Does anyone have a possible suggestion as to what is happening and how I might correct it?

Just a little info, I recently bought a new HP laptop that is running Windows 7 and I have installed iTunes latest version onto the new laptop. Also, I was able to successfully update the software on my much older iPod through iTunes, and yet I continue to have issues with the iPhone updates.

Thank you in advance for any suggestions!

UPDATE- I was finally able to get the 4.3.5 update using my eight year old Compaq laptop, something that wasn't happening on my one month old HP Pavillion for some strange reason??!!! Oh well, I'm just happy I now have it!


----------



## leslieray (Mar 16, 2010)

Oops, I accidentally posted to the wrong forum.

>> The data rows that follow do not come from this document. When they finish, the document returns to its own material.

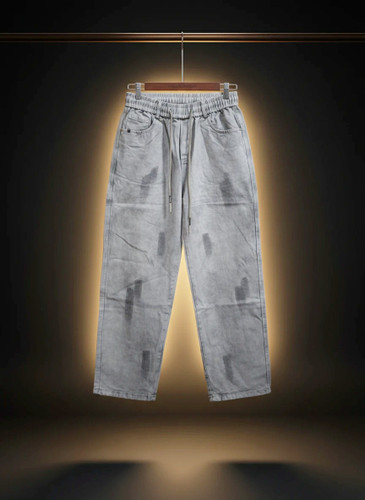 شلوار جاگر بگ گرم بالا طرح انتزاعی هنری قد ۱۱۰ سانت کد کد WD-33 با تضمین کیفیت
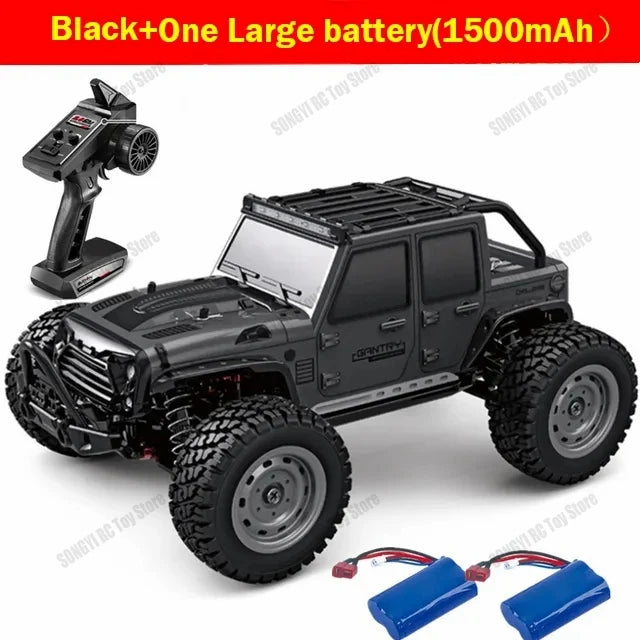 Rc Truck Cars, 16103 Fast Rc Cars, 50km/h 1/16 Off Road 4WD with LED Headlights, 2.4G Waterproof Remote Control Monster Truck for Adults and Kids - Toyigo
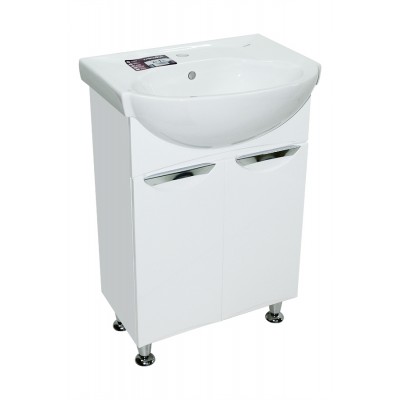 Тумба Альпіна з умивальником Солас 56 (2 фасади) біла (234197884)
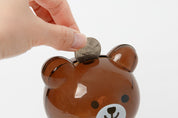 Piggy Bank Bear Brown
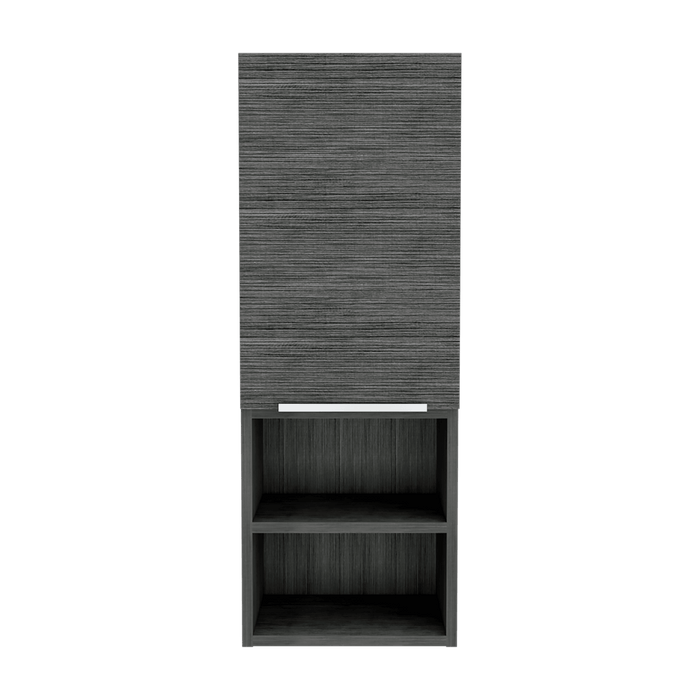 Gabinete de Baño Real, Gris, con Tres Entrepaños ZF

Sorry!


----------



## leslieray (Mar 16, 2010)

Could a moderator please fix my faux pas, and move this to the Apple Devices forum! Thank You!


----------



## Goldenearthgirl (Jul 30, 2011)

Yes, I have had a crash during this download and I had to restore my entire ipad.  I am very thankful I had backed up only 24 hours previously.  The last time an apple update crashed my iphone both my back ups corrupted during the crash session, so I lost everything.

I thought it was just me (again).

Ii am running an HP and had a few locked itunes in the last week and wondered what was happening, then last night the update crashed the whole thing .


----------



## caseyf6 (Mar 28, 2010)

We got my daughter an iphone and as part of the registration process it updates the software-- crash.  We tried it on another computer and that one worked.  I'm almost afraid to update mine!


----------



## leslieray (Mar 16, 2010)

Thank you, Goldenearthgirl and caseyf6, for sharing your experiences (frustrations) with getting this update.

I'm with you caseyf6, and beginning to feel as though getting the latest updates may not be worth it in the long run if I have to be fearful of potential problems. My iPhone 4 is only 2 months old and I'm not looking to buy any more trouble, if you know what i mean.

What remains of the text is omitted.